If we’re spending more keeping someone in prison for 30 years than we are prepared to pay saving another persons life we are placing a higher value on the life of the criminal than the non-criminal.
February 5, 2008 at 10:37 am
It’s interesting that some people like to focus on the costs of the death penalty, as well as the morality of it, without looking at the other side of the equation.
Take Graham Burton as an example. He committed murder in 1992 but was released on parole so he could murder again. Now the family of one his victims has been asked to repay about $19,000 in legal aid, while taxpayers will have to pay for Burton’s new leg, for which a price of $40,000 has been quoted. But the biggest cost has been to the friends and families of those whom Burton has harmed/murdered. These costs, which cannot be expressed in $$$, would not have been incurred had Mr Burton been given the ultimate punishment, or if he had remained in prison.
Cases like Burton will always generate a fair amount of debate due to the inadequacies of the current system. When someone is executed, they can never re-offend. I suspect that is seldom taken into account when this debate takes place. If Burton had been executed after his first murder, the benefits to the wider community would have been incalculable. (Despite his convictions for murder, Burton will probably be eligble for parole one day, incurring more financial and emotional costs for all concerned.) I’m not saying he should have been executed after his first murder, just that it is important to focus on the benefits as well as the costs. And there are indeed significant benefits.
February 5, 2008 at 10:41 am
beshakey, the “or” is obvious.
Throughout the rest of your comment you misrepresent what I actually said, if you’re interested in me addressing your comments get it right.

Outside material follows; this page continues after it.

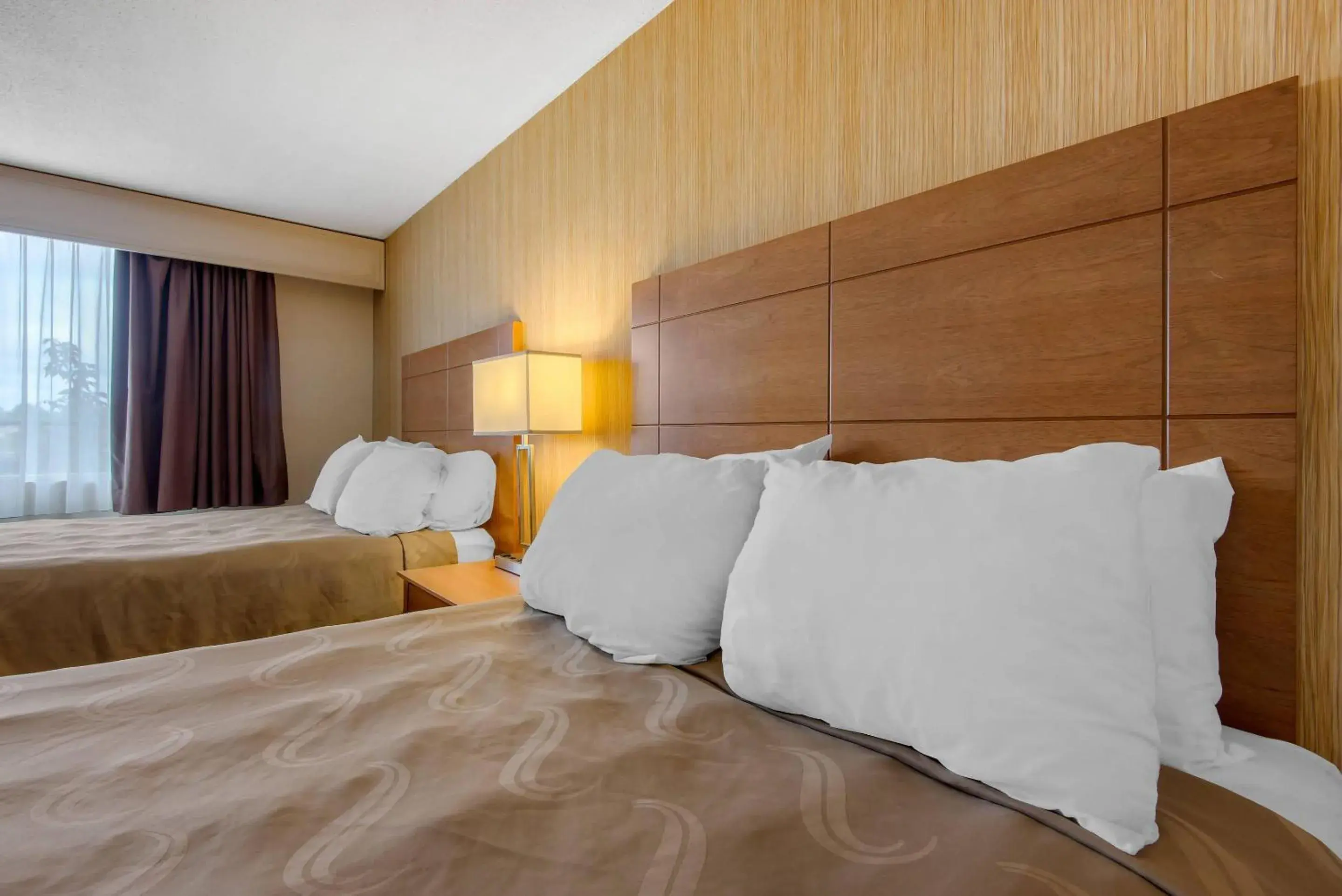 Bedroom, Bed in Quality Inn & Conference Centre Downtown Sudbury Bedroom, Bed in Quality Inn & Conference Centre Downtown Sudbury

February 5, 2008 at 10:41 am
Poneke,
You wrote: “You put them [recidivists] in jail. For as long as is necessary. In fact, it is what we already do in New Zealand”.
Really, so how come we have recidivist offenders in the first place? By definition, we must be releasing them so they can commit the same (or worse) crimes again. Therefore, we are not keeping them in prsion for long enough.
February 5, 2008 at 11:43 am
Andrew W wrote: “There are two things you can do with an enemy, you can kill him, or you can make him your friend.”
Really?
I’ve got a few enemies. Wouldn’t dream of doing either with them. Same goes for most people, I think.
February 5, 2008 at 12:06 pm
Rob, It means if you don’t deal with your problems they will deal with you.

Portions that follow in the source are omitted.